From: Ding Tianhong <dingtianhong(a)huawei.com>
ascend inclusion
category: feature
bugzilla: NA
CVE: NA
-------------------------------------------------
The sp_mutex is used to protect all critical path for share pool,
it has serious affected the performance of the the memory alloc
and release interface when there is a lot of process in the same
memory group, it will serious break the scailability of the system,
so add a new read semaphore lock to instead of the big lock for allocation
and release critical path.
The scailability has been greatly improved by this modification.
Show the test result:
number of process: alloc 4M avg time:
Before the patch: 1 32us
3 96us
10 330us
after the patch: 1 32us
3 40us
10 60us
v2: fix some conflicts and clean some code.

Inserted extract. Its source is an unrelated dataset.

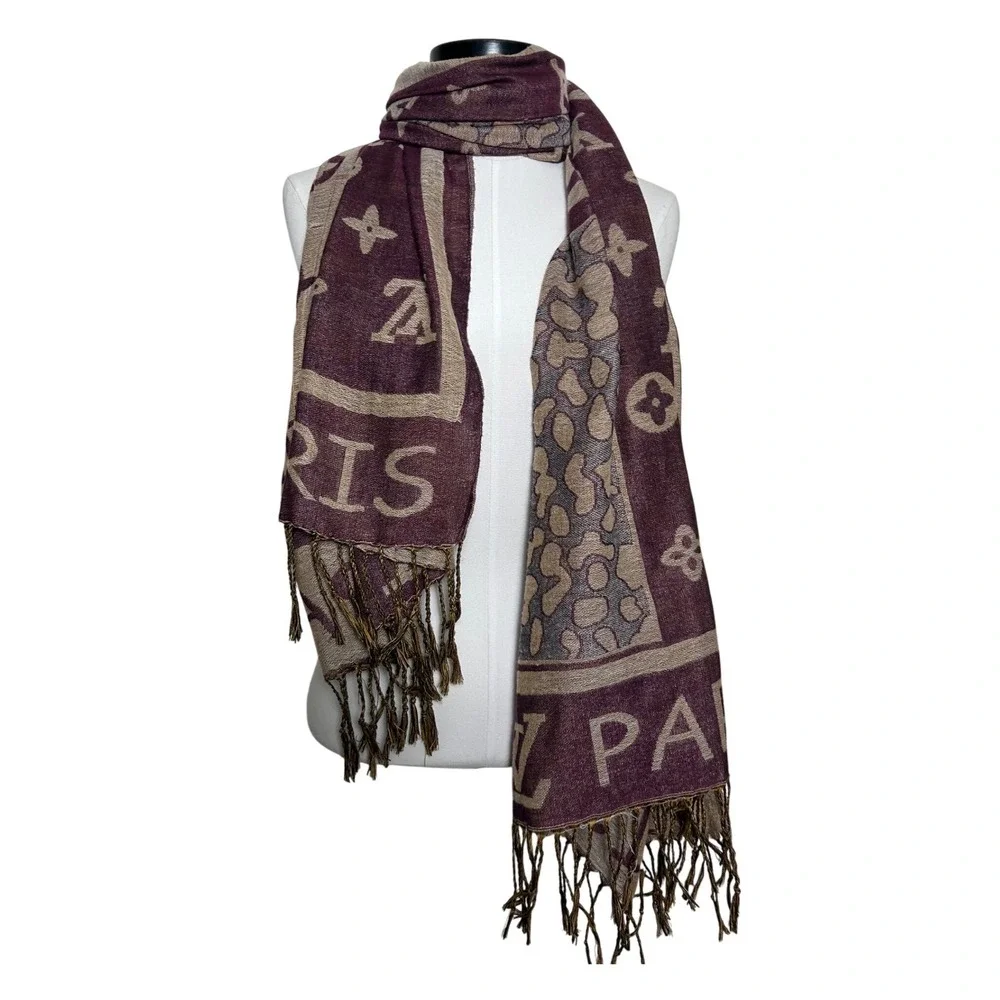 Designer Inspired Monogram Leopard Print Scarf Oversized‎ Pashmina Shawl Fringe
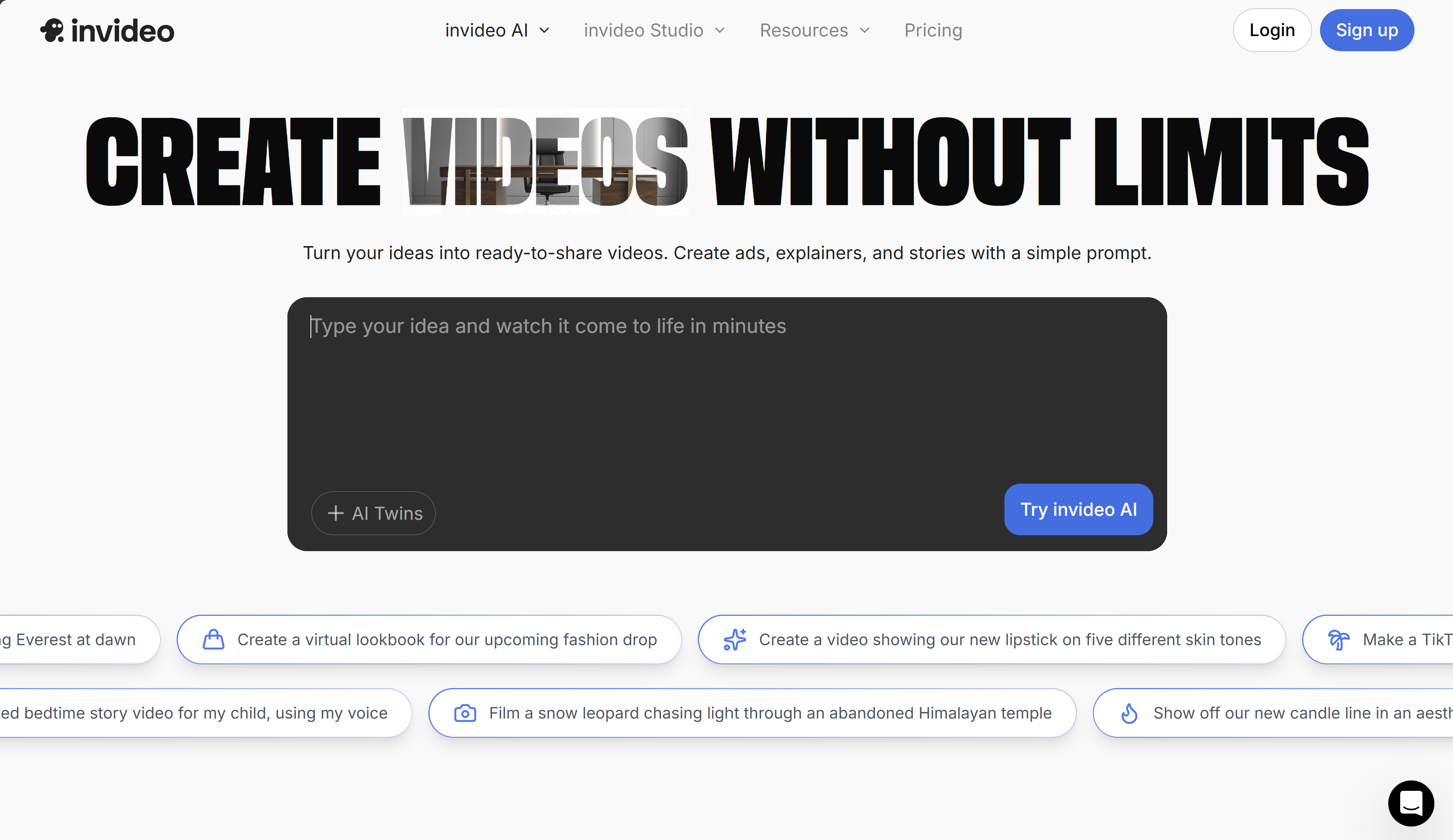 InVideo AI interface showing the video creation workflow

Signed-off-by: Ding Tianhong <dingtianhong(a)huawei.com>
Reviewed-by: Tang Yizhou <tangyizhou(a)huawei.com>
Reviewed-by: Kefeng Wang <wangkefeng.wang(a)huawei.com>
Signed-off-by: Yang Yingliang <yangyingliang(a)huawei.com>
---
include/linux/share_pool.h | 5 ++
kernel/fork.c | 4 +-
mm/share_pool.c | 170 ++++++++++++++++++++-----------------
3 files changed, 100 insertions(+), 79 deletions(-)
diff --git a/include/linux/share_pool.h b/include/linux/share_pool.h
index 70b841d0eb8e..f2d17cb85fa5 100644
--- a/include/linux/share_pool.h
+++ b/include/linux/share_pool.h
@@ -93,6 +93,8 @@ struct sp_group {
unsigned long dvpp_va_start;
unsigned long dvpp_size;
atomic_t use_count;
+ /* protect the group internal elements */
+ struct rw_semaphore rw_lock;
};
struct sp_walk_data {
@@ -238,6 +240,8 @@ extern void *vmalloc_hugepage_user(unsigned long size);
extern void *buff_vzalloc_user(unsigned long size);
extern void *buff_vzalloc_hugepage_user(unsigned long size);
+void sp_exit_mm(struct mm_struct *mm);
+
#else
static inline int sp_group_add_task(int pid, int spg_id)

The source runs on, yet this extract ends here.